From: Ingo Molnar <mingo@elte.hu>
To: Linus Torvalds <torvalds@osdl.org>
Cc: Jeff Garzik <jeff@garzik.org>, Jens Axboe <axboe@suse.de>,
linux-kernel@vger.kernel.org, akpm@osdl.org,
Christoph Hellwig <hch@infradead.org>
Subject: Re: [PATCH] splice support #2
Date: Fri, 31 Mar 2006 09:09:32 +0200 [thread overview]
Message-ID: <20060331070931.GA25853@elte.hu> (raw)
In-Reply-To: <Pine.LNX.4.64.0603301259220.27203@g5.osdl.org>
* Linus Torvalds <torvalds@osdl.org> wrote:
> In particular, what happens when you try to connect two streaming
> devices, but the destination stops accepting data? You cannot put the
> received data "back" into the streaming source any way - so if you
> actually want to be able to handle error recovery, you _have_ to get
> access to the source buffers.
i'd rather implement this error case as an exception mechanism, instead
of a forced intermediary buffer mechanism.

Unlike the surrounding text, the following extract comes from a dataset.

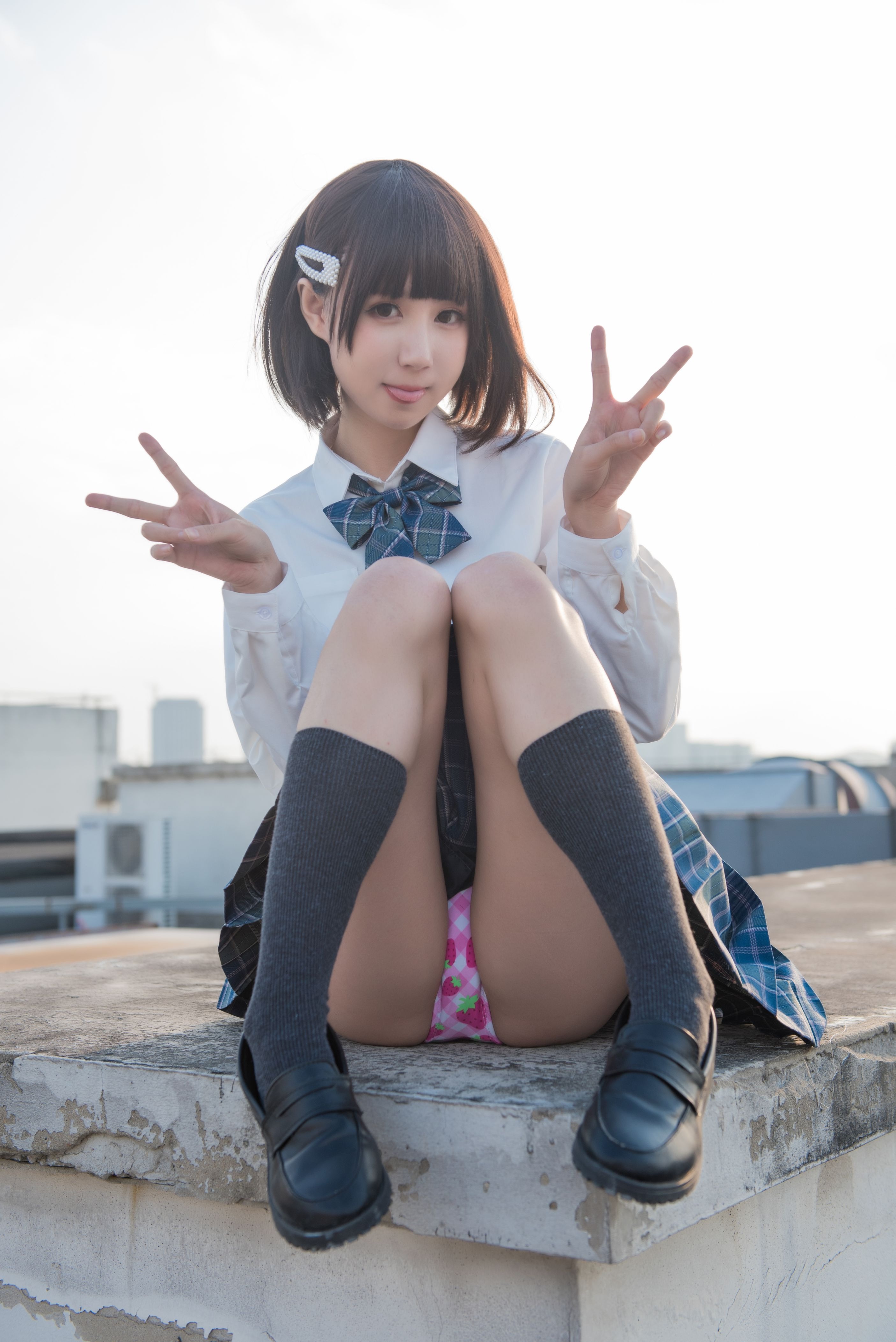 西园寺南歌NO01少女裙底高分推荐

We should extend the userspace API so that it is prepared to receive
'excess data' via a separate 'flush excess data to' file descriptor:
sys_splice(fd_in, fd_out, fd_flush, size,
max_flush_size, *bytes_flushed)
Note1: fd_flush can be a pipe too! This would avoid copies in the
exception case - if the exception case is expected to be common.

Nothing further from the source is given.